Le Haut-Commissaire des Nations Unies aux droits de l’homme appelle à la « transparence » concernant les disqualifications politiques au Venezuela

El Alto Comisionado de la Oficina para DDHH de la Organización de Naciones Unidas (ACNUDH), Volker Türk, llamó al gobierno de Venezuela a garantizar el debido proceso de procedimientos con respecto a las inhabilitaciones de candidatos a cargos públicos, en su más reciente informe divulgado le mardi.

Türk a exhorté « à garantir une procédure régulière et la transparence dans les procédures administratives menées par le concernant la disqualification des candidats à des fonctions publiques », qui, selon la société civile vénézuélienne, est un mécanisme gouvernemental pour se « perpétuer » au pouvoir.

En outre, il a demandé d’enquêter « rapidement, de manière indépendante, impartiale et efficace » à « tous » les niveaux de responsabilité, sur les violations présumées des droits de l’homme dans le pays.

« Le Venezuela doit adopter des mesures pour prévenir, atténuer et punir toutes les attaques, intimidations et criminalisations avec des voix considérées comme dissidentes, et assurer la participation significative, inclusive et routière des acteurs, pour garantir la pleine jouissance de l’espace civique », déclare-t-il dans son conclusion.

Une fois de plus, il exhorte les autorités judiciaires à libérer « immédiatement » toutes les personnes détenues illégalement ou arbitrairement.

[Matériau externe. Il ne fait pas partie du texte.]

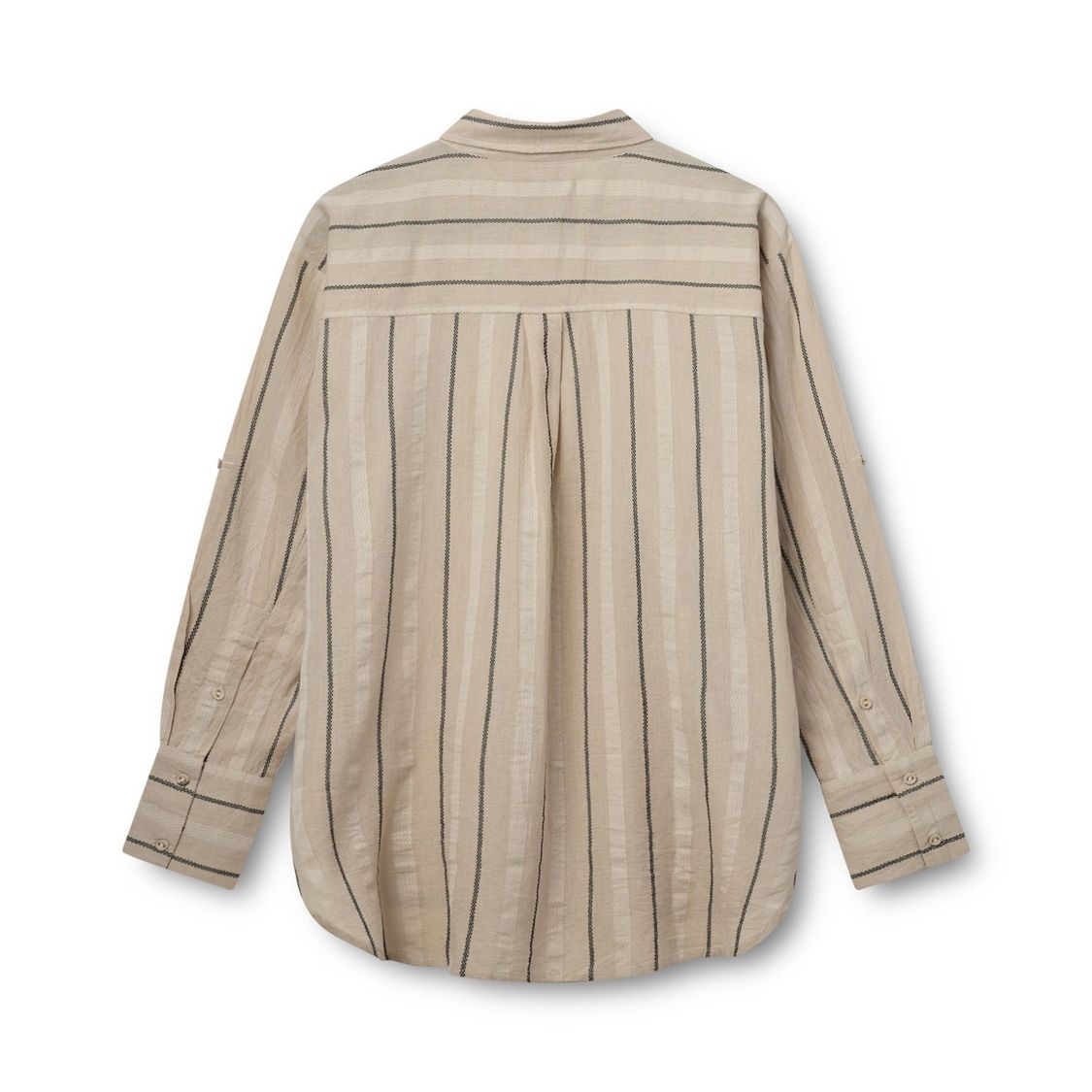 Goa Shirt - Oat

Bien que le HCDH ait réitéré l’appel à la levée des sanctions sectorielles qui « exacerbent les défis préexistants », il insiste sur le fait que l’État vénézuélien doit prendre des mesures pour parvenir progressivement à la pleine réalisation des droits économiques et sociaux.

En ce sens, il précise que l’inflation et la dévaluation du bolivar ont « entravé » les niveaux de revenus nécessaires, rendant difficile la réalisation des conditions nécessaires pour jouir d’un droit à la vie adéquat.

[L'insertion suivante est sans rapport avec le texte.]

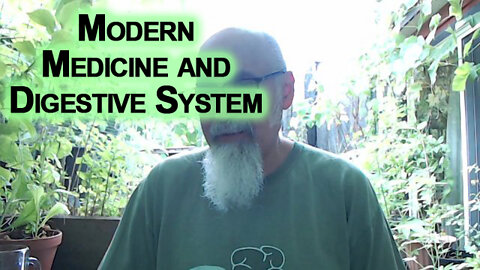 Healthcare: Modern Medicine Knows Very Little About the Human Digestive System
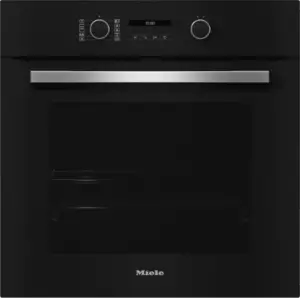 Miele H 2766 BP BlackLine inbouw oven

Le rapport se concentre sur les événements liés aux droits économiques, sociaux, culturels, environnementaux, à l’État de droit et à l’espace civique, enregistrés entre le 1er mai 2022 et le 30 avril 2023 et qui seront débattus mercredi au Conseil des droits de l’homme de l’ONU.

Parmi les autres recommandations présentées par le HCDH figurent « la mise en place de mécanismes garantissant des réponses rapides aux demandes d’informations publiques de la société civile » ; la réactivation du processus de démarcation des terres indigènes ; prendre des mesures pour mettre fin aux actes de stigmatisation commis par des agents publics à l’encontre des défenseurs des droits de l’homme, des journalistes et des travailleurs syndiqués, ainsi qu’adopter des mesures pour garantir la jouissance du droit à la santé, y compris la dépénalisation de l’avortement.

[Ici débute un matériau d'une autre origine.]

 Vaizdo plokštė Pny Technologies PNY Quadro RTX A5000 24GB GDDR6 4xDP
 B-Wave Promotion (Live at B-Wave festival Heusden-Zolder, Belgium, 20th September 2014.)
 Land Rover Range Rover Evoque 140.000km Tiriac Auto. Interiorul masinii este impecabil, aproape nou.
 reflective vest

Türk a également recommandé d’accélérer l’adoption du projet de loi sur l’égalité des sexes en instance à l’Assemblée nationale ; que des enquêtes et des poursuites judiciaires « rapides » et « indépendantes » soient garanties en cas de décès dans le cadre d’opérations de sécurité et de manifestations, d’allégations de torture ou d’autres formes de mauvais traitements et que les responsables soient « détenus, poursuivis et punis », « y compris les supérieurs hiérarchiques, conformément au droit international. »

En outre, il a recommandé d’établir un « plan de régularisation permettant aux radios d’accéder à l’utilisation du spectre radio dans des conditions garantissant la pluralité des informations et la sécurité juridique ».

Le Haut-Commissaire a précisé qu’au cours de la période couverte par le rapport, il a documenté la fermeture de 16 stations de radio à travers le pays, ainsi que le blocage de 44 sites Internet.

lorsque la lettre d’entente entre le Venezuela et le HCDH a été renouvelée pour deux ans.

En mars, après sa première mise à jour orale sur la situation des droits fondamentaux au Venezuela devant le Conseil des droits de l’homme de l’ONU, Héctor Constant, représentant du Venezuela devant le Conseil des droits de l’homme, a déclaré avoir pris note des préoccupations du Haut-Commissaire à l’égard desquelles il a dit qu’il offrirait « une réponse détaillée en temps voulu ».